The TRACE Matrix measures business bribery risk across 200 jurisdictions. The overall country risk score is a combined and weighted score of four domains: Business Interactions with Government; Anti-Bribery Deterrence and Enforcement, Government and Civil Service Transparency and Capacity for Civil Oversight. This score is then reflected in a ranking system to give a clear indication of those higher risk jurisdictions around the world.
This provides a clear indication of which jurisdictions demand more comprehensive and stringent policies and procedures. Such an asset clearly makes for a useful tool for companies when assessing the risk of bribery and corruption and developing appropriate measures to the level of risk posed.

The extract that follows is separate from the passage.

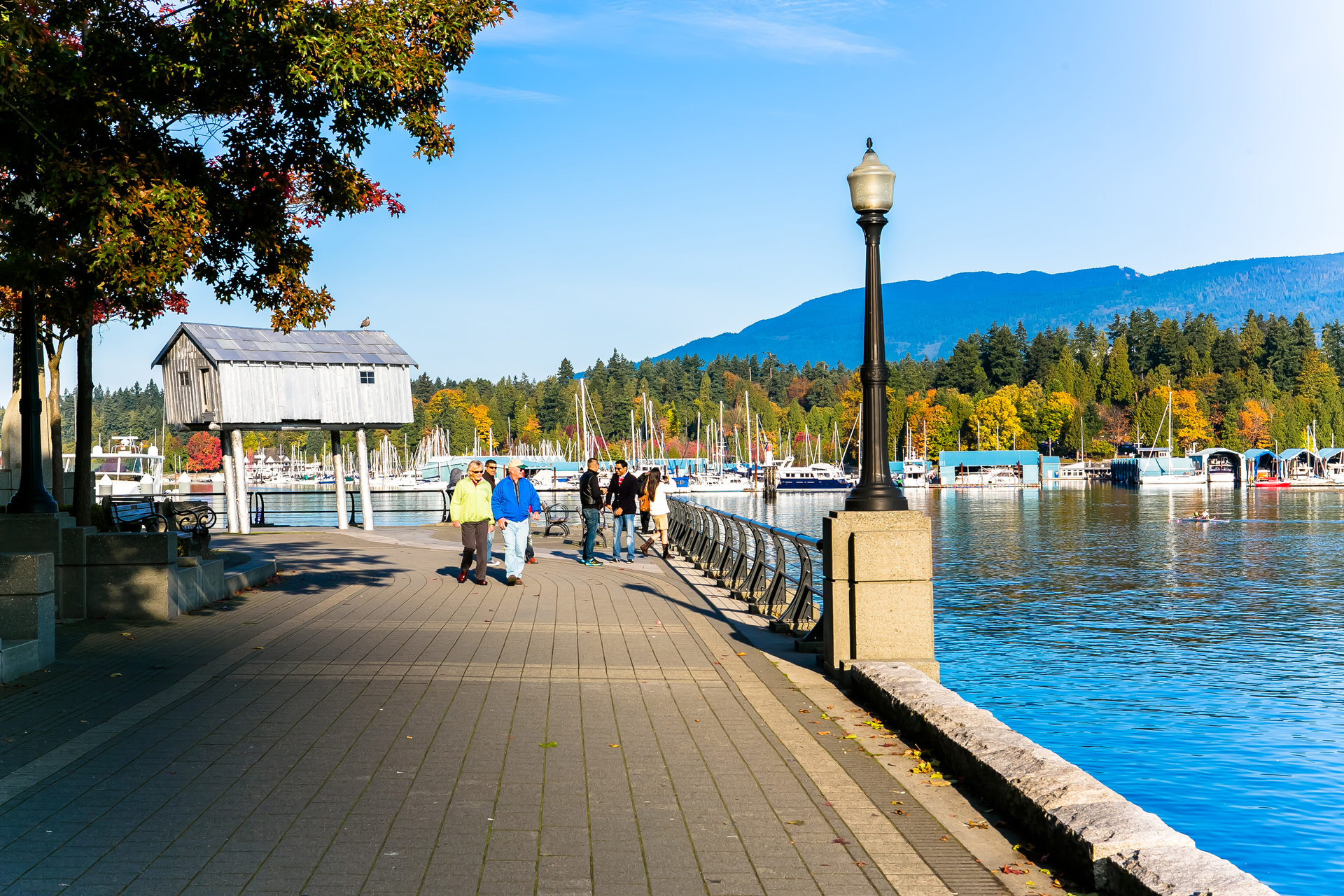 1j6a6241 at 401 - 535 Nicola, Coal Harbour, Vancouver West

The changing landscape in the four domains that provide the Matrix score mean that the risk factor of each jurisdiction can change year on year. It is critically important therefore that only the most up to date version of the tool is relied upon.
What was previously deemed to be a jurisdiction that did not warrant additional attention or constraints may now do so. Conversely, you may have stringent regulations placed on a jurisdiction which has since improved its approach to bribery and corruption. This would mean placing unnecessary red tape around dealings. With efficiency being key for businesses, it helps to avoid delays wherever possible.

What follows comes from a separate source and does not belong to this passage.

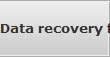 Data recovery for Simpsonville data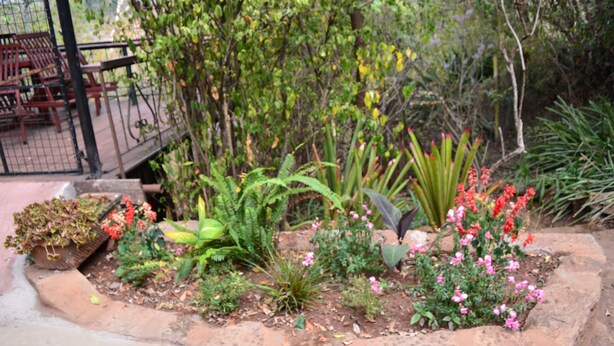 A garden with various plants and flowers, a wooden bench, and a metal fence. - Kifaru House - Karen (Nairobi)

The fluid nature of jurisdictional risk is evidenced clearly in the TRACE Matrix through the example of Macau, which had a ranking of 189/200 in 2018, but was ranked 75/200 in the 2019 TRACE Matrix. Contrastingly, Estonia slipped from a ranking of 3/200 in 2016 to 15/200 in 2019, and similarly Mauritius moved from 21/200 to 59/200 and Japan from 11/200 to 25/200 in the same period.
These are just a few examples of the ever-changing nature of the TRACE Matrix which is reflecting legal and social developments that contribute to potential risks to your business and its dealings. The various factors that contribute to the Matrix score are not static and so require constant attention to ensure your bribery and corruption policy is in line with the up to date jurisdictional risk factor. What may seem to be a slight change from one year to the next might actually be the start of a continuing pattern that warrants attention, and may later prompt a change to your approach to business in that jurisdiction.
A bribery and corruption policy which has been updated in accordance with the latest jurisdictional risk update will have a stronger chance of being deemed to be ‘adequate procedures’ in defence of a S.7 Bribery Act 2010 charge. It can only be beneficial to show your policies and procedures align with the most current level of risk posed by a jurisdiction.
TRACE also released the Bribery Risk Typology and interactive map, which allows for comparisons to be drawn when interpreting the Matrix scores based on factors such as state fragility and economic complexity . This is another useful tool when carrying out an update of your bribery and corruption systems.
This update should serve as a reminder that your bribery and corruption system must be regularly reviewed and renewed. Jurisdictional risk is just one of a number of factors that are ever changing. There is the potential for your policies being rendered not fit for purpose if you do not keep up with the fluctuating developments that influence bribery and corruption risk.